Terrorism is not an existential threat
▶ The least we can do is dispense with the lie that Tehran has a moderate leadership
Nearly two dozen people have been killed and at least a thousand people arrested by the authorities since anti-government protests erupted across Iran late last month. That amounts to more than a hundred detentions per day – a grim statistic even by the standards of the Iranian regime. Among those carted away to jails are 90 university students. There is no evidence that any of those students were involved in the protests. Their arrests, carried out as a “preventative” measure, reveal the extent of the panic that is sweeping through the corridors of power in Tehran.
A system built on coercion and presided over by self-serving men has been confronted by a citizenry whose welfare has for too long been subordinated to the reckless imperial fantasies of the regime. A government that was responsive to – or even mindful of – its people’s needs might have looked for ways to parley with them. But Iran’s so-called “revolutionary” government is unlike most other governments: it exists not so much to protect or advance the interests of the Iranian people as to serve a tiny elite that rules them. And no matter who the face of the government is, repression has always been that ruling class’s answer to demands for reform from below.
Nearly 20 years ago, when tens of thousands of Iranian students poured onto the streets of Tehran demanding change, it was another “moderate” president of Iran, Mohammad Khatami, who oversaw their brutal suppression. Dozens of students, “disappeared” by the regime in 1999, have never resurfaced. A similarly bloody crackdown, but on a much greater scale, ensued 10 years ago after millions of Iranians took to the streets to protest against the widely disputed re-election to the presidency of Mahmoud Ahmadinejad. Having quelled the uprisings at home, the Iranian state got busy exporting terror and violence to countries across the Middle East and beyond.

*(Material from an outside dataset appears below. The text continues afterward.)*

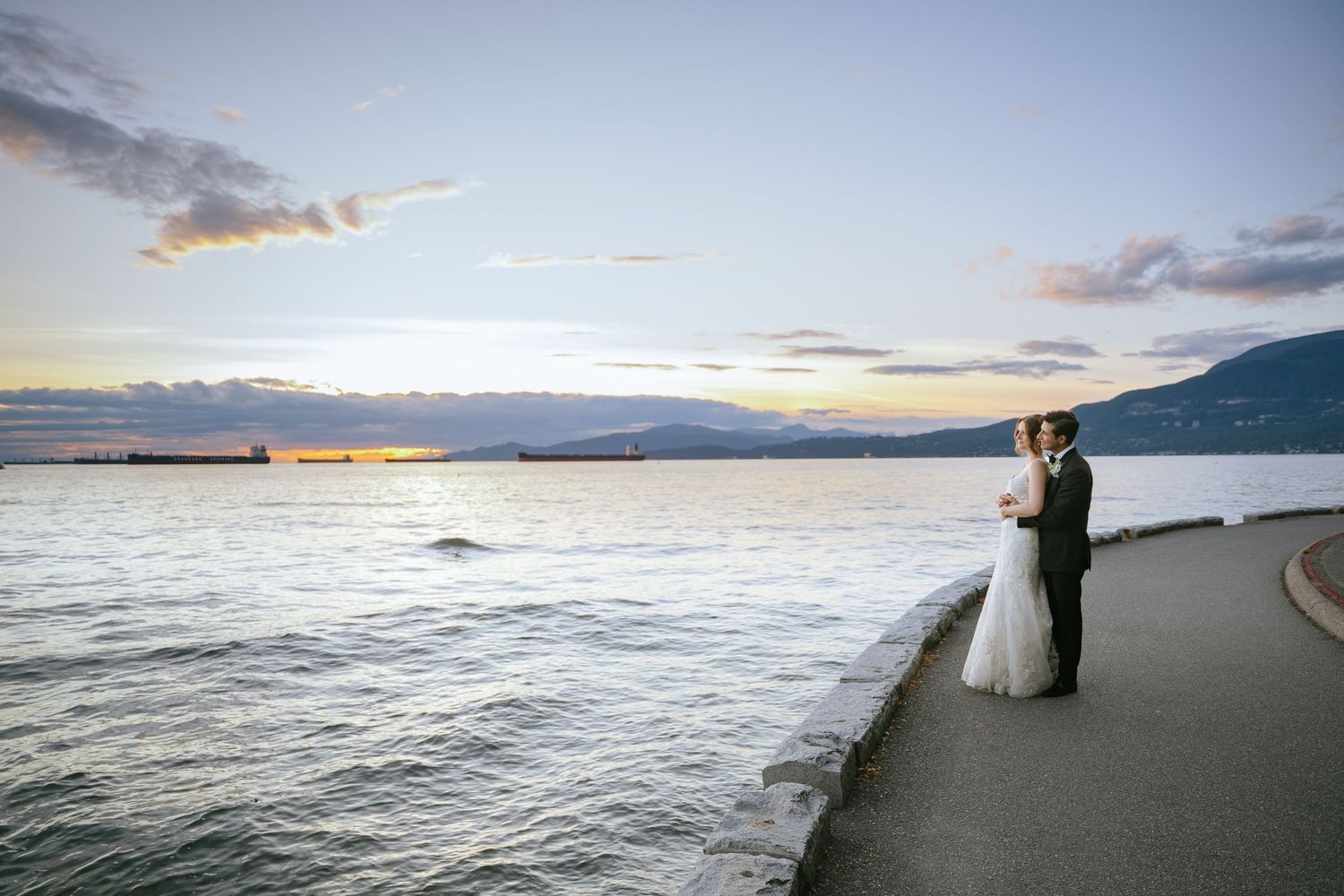Bride and groom stand by waterfront at sunset with mountains and ships in background.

But the anger brewing beneath the surface at home could not long be contained as things went from bad to worse. Young Iranians witnessed their government, led by the supposedly moderate Hassan Rouhani, diverting millions of dollars to terrorist organisations abroad as youth unemployment at home soared to 40 per cent. It is hardly surprising that more than 90 per cent of all the protesters detained by the government over the last 10 days are under the age of 25. How many of them will be “disappeared”? In 1999, the world did nothing because it believed Iran was being led by a moderate. In 2009, the world looked the other way. In 2018, the least we can do is dispense with the lie that Iran is being led by reasonable people.